Sitting in the archives of CEGES/SOMA in Brussels, I opened up a folder piled high with official forms all neatly filled out by hand or typewriter in bureaucratic German. They were the files of the Devisenschutzkommando (DSK), literally translated as the Currency Protection Unit*. It sounds innocuous enough, like a band of accountants searching out money laundering schemes by studying account books. Indeed, they answered to the German customs authorities. But they were far from innocuous. They were hunting for loot and although some of their victims were “Aryans”, most were Jewish.

One random report states that in Brussels on 23 October 1942 the officer arrested a Jewish couple making an illegal journey from Holland to Switzerland. He confiscated the following:

258 Dutch guilders in notes

140 US dollars in notes

20 Swiss francs in notes

23 Swiss francs in silver

The DSK also arrested Jews who lived in Brussels while plundering their homes. Lists of confiscated valuables make up the bulk of the reports. And then, almost as an after thought, comes the sentence: the Jews in question were turned over to the SS or SD. Which meant deportation, which was as good as writing out a death warrant.
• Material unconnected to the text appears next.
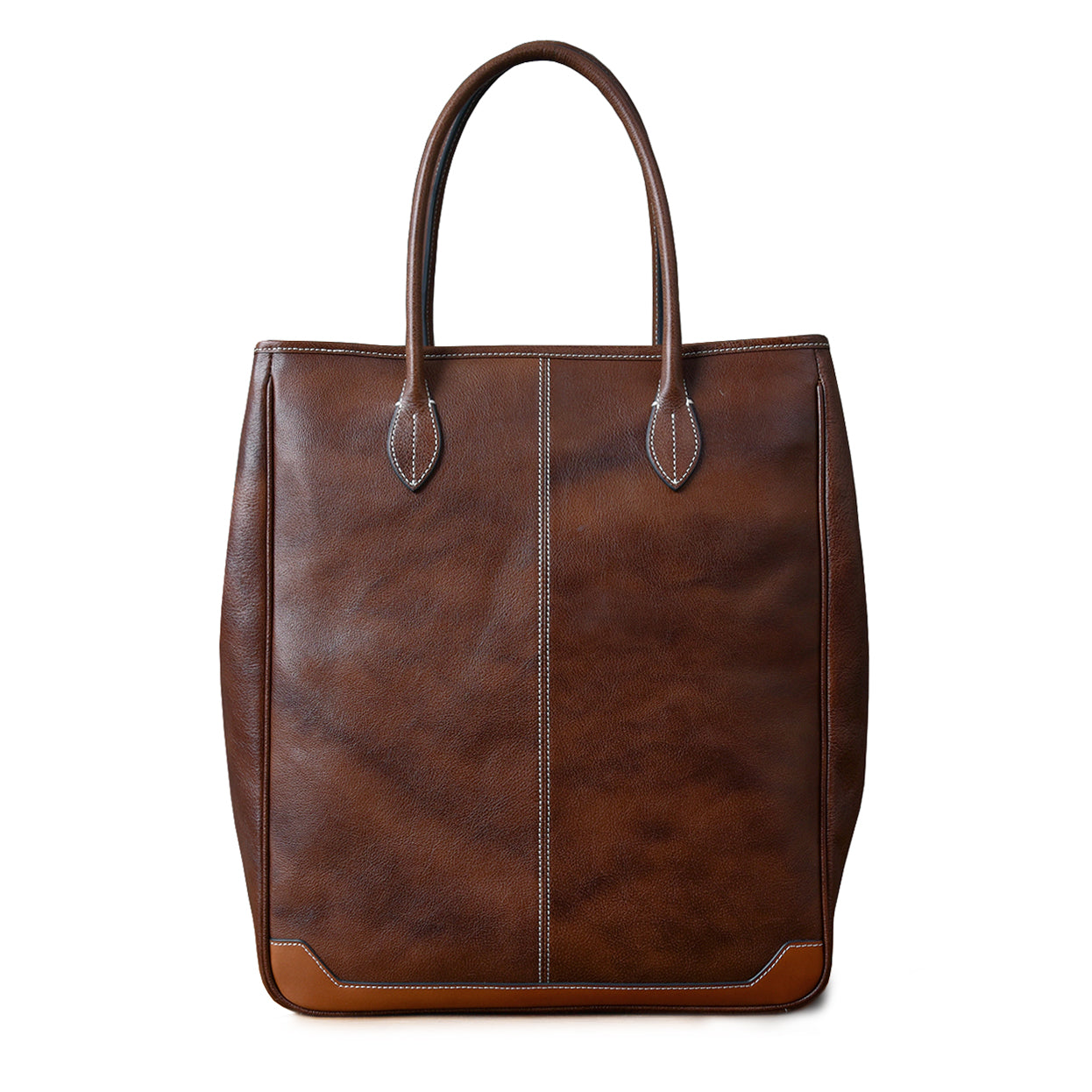 Large vertical cowhide tote bag in brown, top-grain leather, handcrafted, unisex design, height 16.5 inches.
What’s so chilling about these documents is the orderly greed of it. The point was the theft of the money and other valuables. The murders were secondary, almost a way of closing the book on the account, making sure that the balance stayed on the Reich’s side.

*CEGES AA 558/110 a-c. For more on the nefarious activities of the DSK in Belgium, see the work of Insa Meinen (in French and German).